__Task to complete__
Starting at the line that contains "48V 100Ah 200Ah", write out every line through the end of the records exactly as it stands, and leave out all pictures.

__Data listing__
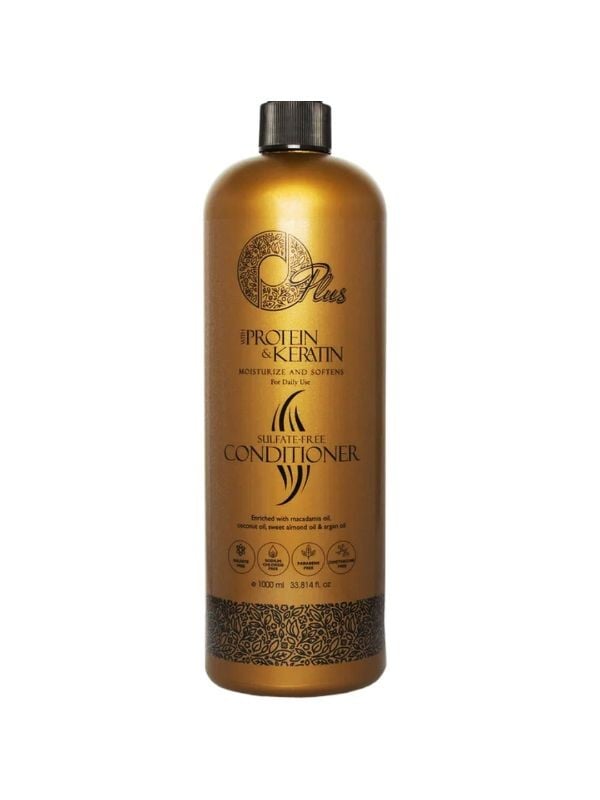 O Plus hair conditioner with protein and keratin - 1000 ml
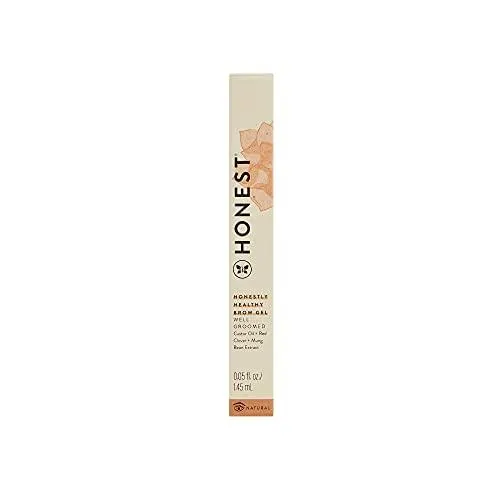 Honest Beauty Honestly Healthy Brow Gel, Clear with Castor Oil, Plant Derived Proteins, Silicone Free, Vegan, 0.05 Fl Oz
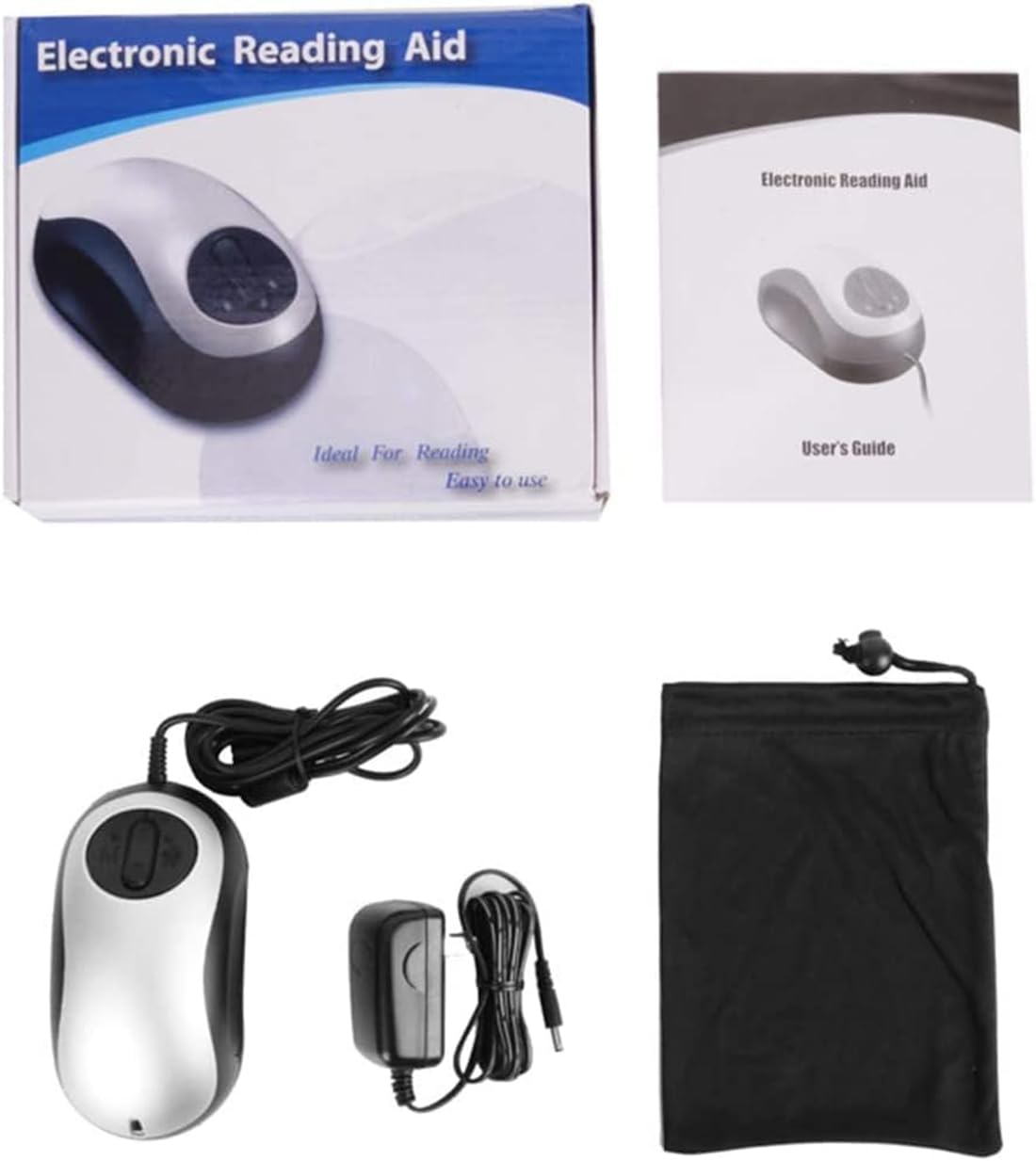Ayuda electrónica para la Lectura con Baja visión, Lupa Digital portátil con Forma de ratón, 10 Modos Color y congelación d imágenes para Personas con discapacidad Visual, Regalo para Padres
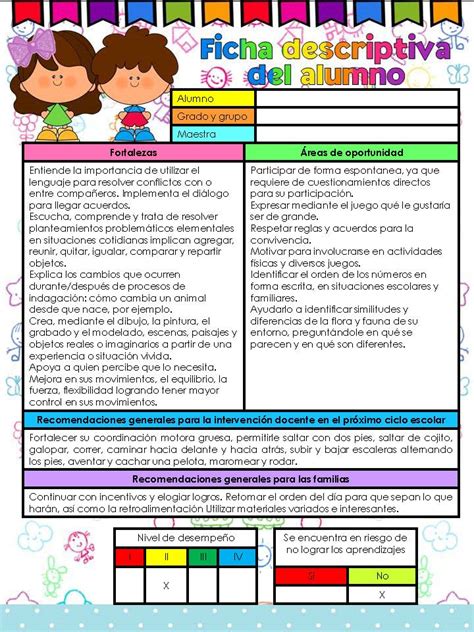 Fichas Descriptivas Individuales Y Grupales Imagenes Educativas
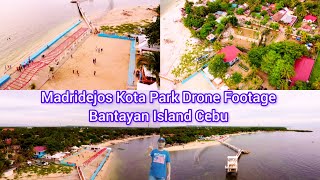 Madridejos Kota Park Bantayan Island Cebu Drone Footagebantayanislandtrendingviraldronefootage [upl. by Crandell]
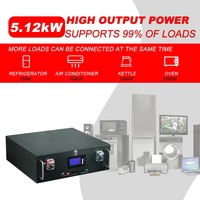 48V 100Ah 200Ah Lifepo4 Battery Pack 4S100A Built-in BMS Grade a Cells 6000 Cycle 32 Parallel 48V 70Ah Lithium Battery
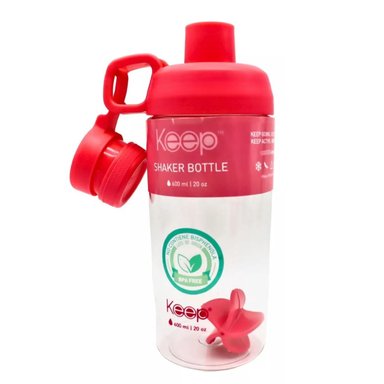 BOTELLA SHAKER KEEP MEZCLADOR PROTEINAS GIMNASIO 600ML ROSA - 2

__Solution below__
 48V 100Ah 200Ah Lifepo4 Battery Pack 4S100A Built-in BMS Grade a Cells 6000 Cycle 32 Parallel 48V 70Ah Lithium Battery
 BOTELLA SHAKER KEEP MEZCLADOR PROTEINAS GIMNASIO 600ML ROSA - 2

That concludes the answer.